It might not sound like much, but when a money center bank has $100 billion to $300 billion in excess reserves, a half point interest can be worth a billion dollars a year or more.

Ever since the financial crisis, banks worldwide have chosen not to lend. Some of that reason is fear that borrowers won't pay back their loans (think housing crisis). A mountain of new regulations since the crisis has also put a crimp in the lending business, making it more difficult and costly to lend. Those who could borrow (like big, multinational corporations) are already flush with cash and don't need the money. So the banks choose to park their excess reserves at the Fed and earn easy money with no risk.

It is a phenomenon that plagues economies worldwide. In an effort to convince the banks to lend, several countries have opted to institute a negative interest rate policy. The European Central Bank was the first major institution to adopt NIRP. They are now charging banks to hold their money overnight.
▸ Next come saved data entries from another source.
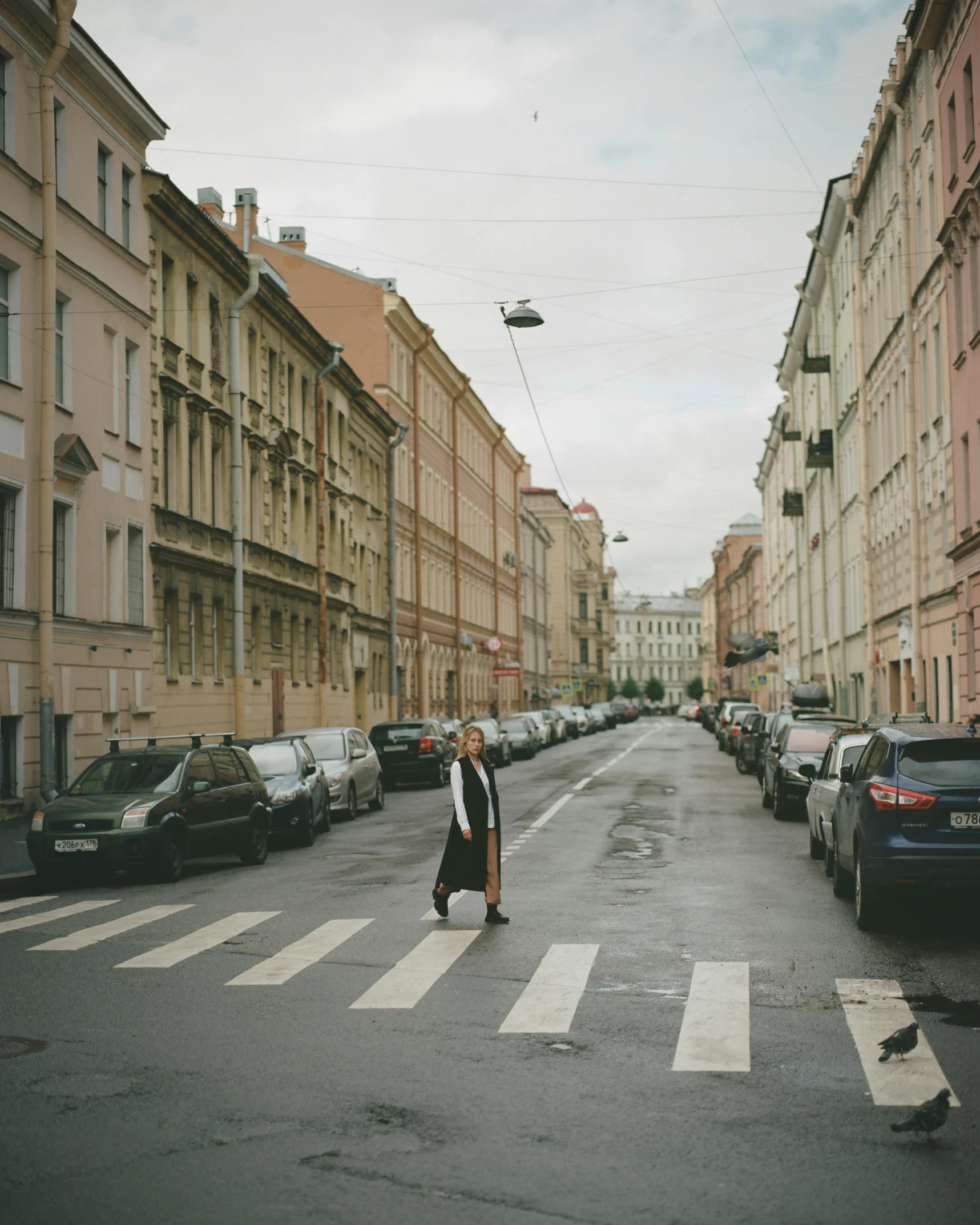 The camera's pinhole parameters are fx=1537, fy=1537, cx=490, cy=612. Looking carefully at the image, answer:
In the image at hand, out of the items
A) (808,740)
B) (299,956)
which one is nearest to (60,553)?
(808,740)

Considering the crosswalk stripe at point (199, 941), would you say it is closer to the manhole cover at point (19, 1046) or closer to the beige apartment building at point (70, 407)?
the manhole cover at point (19, 1046)

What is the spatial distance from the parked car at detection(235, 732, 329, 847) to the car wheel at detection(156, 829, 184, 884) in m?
2.98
Presently banks are paying the ECB 0.40 percent. Japan, whose economy is still struggling despite its quantitative easing program, followed suit and implemented their own NIRP a month.

In theory, interest rates below zero should reduce borrowing costs for companies and households, driving up demand for loans. But if credit-worthy companies don't need to borrow and banks won't lend to those whose credit is questionable, this theory begins to fray.
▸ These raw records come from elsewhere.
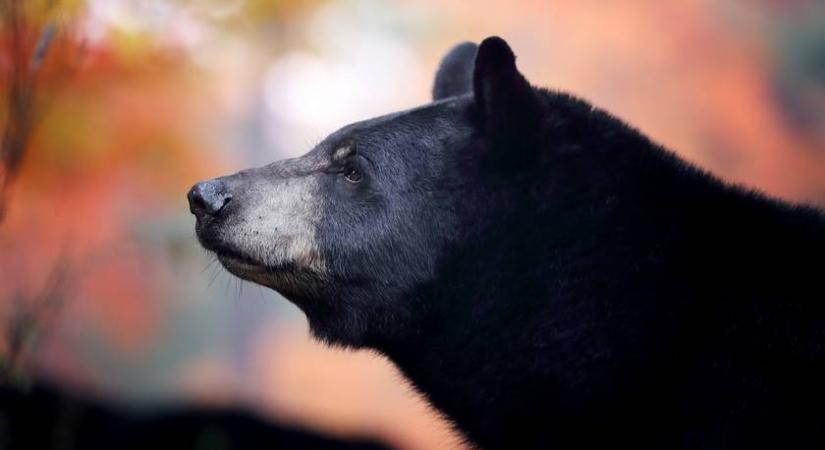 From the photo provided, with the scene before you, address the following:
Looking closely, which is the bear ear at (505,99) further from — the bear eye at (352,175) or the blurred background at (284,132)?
the blurred background at (284,132)

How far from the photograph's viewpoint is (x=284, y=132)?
6.39 m

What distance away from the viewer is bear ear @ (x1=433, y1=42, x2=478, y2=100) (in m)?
3.67

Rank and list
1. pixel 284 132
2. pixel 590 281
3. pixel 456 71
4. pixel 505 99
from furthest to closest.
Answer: pixel 284 132, pixel 456 71, pixel 505 99, pixel 590 281

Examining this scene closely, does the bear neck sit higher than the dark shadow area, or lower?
higher

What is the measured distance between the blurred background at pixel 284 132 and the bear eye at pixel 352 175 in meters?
3.21

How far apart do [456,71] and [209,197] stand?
123 centimetres

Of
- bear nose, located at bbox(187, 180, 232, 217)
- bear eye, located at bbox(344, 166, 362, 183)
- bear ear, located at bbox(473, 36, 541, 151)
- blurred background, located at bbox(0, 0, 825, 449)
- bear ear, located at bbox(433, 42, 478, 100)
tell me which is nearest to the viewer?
bear ear, located at bbox(473, 36, 541, 151)

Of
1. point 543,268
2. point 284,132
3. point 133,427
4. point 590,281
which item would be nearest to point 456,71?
point 543,268

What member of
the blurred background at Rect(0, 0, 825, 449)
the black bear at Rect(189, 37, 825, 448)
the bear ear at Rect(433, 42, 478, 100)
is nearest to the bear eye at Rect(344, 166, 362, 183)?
the black bear at Rect(189, 37, 825, 448)

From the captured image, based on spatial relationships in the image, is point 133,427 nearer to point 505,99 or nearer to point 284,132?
point 284,132

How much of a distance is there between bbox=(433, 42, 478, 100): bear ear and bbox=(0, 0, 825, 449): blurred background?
8.35 ft

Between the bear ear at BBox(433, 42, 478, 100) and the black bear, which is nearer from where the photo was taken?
the black bear

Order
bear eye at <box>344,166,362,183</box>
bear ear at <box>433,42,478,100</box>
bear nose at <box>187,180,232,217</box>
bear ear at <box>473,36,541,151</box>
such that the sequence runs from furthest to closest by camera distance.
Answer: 1. bear ear at <box>433,42,478,100</box>
2. bear eye at <box>344,166,362,183</box>
3. bear nose at <box>187,180,232,217</box>
4. bear ear at <box>473,36,541,151</box>

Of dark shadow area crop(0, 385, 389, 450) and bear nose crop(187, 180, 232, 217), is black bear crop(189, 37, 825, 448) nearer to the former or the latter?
bear nose crop(187, 180, 232, 217)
At the same time, if banks decide to pass on this new negative interest rate cost to me their depositor, why should I keep my money in their checking account?

So the banks are caught between a rock and a hard place. They either eat the costs themselves or pass them on and take the risk that I withdraw my cash and put it under the mattress.
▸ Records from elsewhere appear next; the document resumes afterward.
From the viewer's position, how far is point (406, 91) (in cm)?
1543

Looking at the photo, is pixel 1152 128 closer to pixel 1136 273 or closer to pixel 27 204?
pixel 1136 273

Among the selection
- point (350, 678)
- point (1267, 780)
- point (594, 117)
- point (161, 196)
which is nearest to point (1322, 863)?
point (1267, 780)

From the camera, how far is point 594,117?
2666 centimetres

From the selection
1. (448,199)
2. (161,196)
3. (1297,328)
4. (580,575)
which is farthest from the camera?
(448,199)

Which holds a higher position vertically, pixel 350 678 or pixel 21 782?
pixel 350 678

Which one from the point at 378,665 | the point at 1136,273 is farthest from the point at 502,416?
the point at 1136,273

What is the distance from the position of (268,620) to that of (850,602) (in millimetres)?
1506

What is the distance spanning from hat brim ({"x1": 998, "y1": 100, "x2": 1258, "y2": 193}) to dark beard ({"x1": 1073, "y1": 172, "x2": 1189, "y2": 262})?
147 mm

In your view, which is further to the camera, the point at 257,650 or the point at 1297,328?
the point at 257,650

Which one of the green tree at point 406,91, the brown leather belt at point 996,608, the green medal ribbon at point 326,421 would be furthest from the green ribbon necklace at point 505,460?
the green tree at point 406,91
NIRP can also trigger a currency war. Negative rates may persuade global investors to move their cash from Europe or Japan, as an example, to the U.S. That would weaken the yen and the euro and strengthen the greenback. It would make our exports more expensive while driving down the coast of imports into America. Overseas in Europe and Japan, the exact opposite would occur. Their imports would be more expensive, while their exports would become more competitive. That's good for them but bad for us.

The "Donald," along with just about every other presidential candidate, is already threatening a trade war on this basis.

Some say NIRP is an act of desperation by central bankers who are running out of tools to prop up their economies. Our own Fed has said the idea has not been discounted and the idea is "in discussion." Clearly, Janet Yellen and the Fed members want to see if the textbook theory pans out.

Investors have already seen some baffling results of NIRP. The yen and euro have strengthened rather than weakened, which is contrary to economic expectations.  Although it is early days, banks overseas have chosen to absorb the negative interest rates rather than pass them on to consumers. That is hurting profit margins. There is no evidence to date that overseas banks are taking their excess reserves and buying more government bonds or highly rated commercial paper or lending more money out.

All of the above would spur economic growth. Until there is further evidence, I expect that the U.S. will simply watch and wait.

Bill Schmick is registered as an investment adviser representative with Berkshire Money Management. Bill’s forecasts and opinions are purely his own. None of the information presented here should be construed as an endorsement of BMM or a solicitation to become a client of BMM. Direct inquires to Bill at 1-888-232-6072 (toll free) or email him at Bill@afewdollarsmore.com.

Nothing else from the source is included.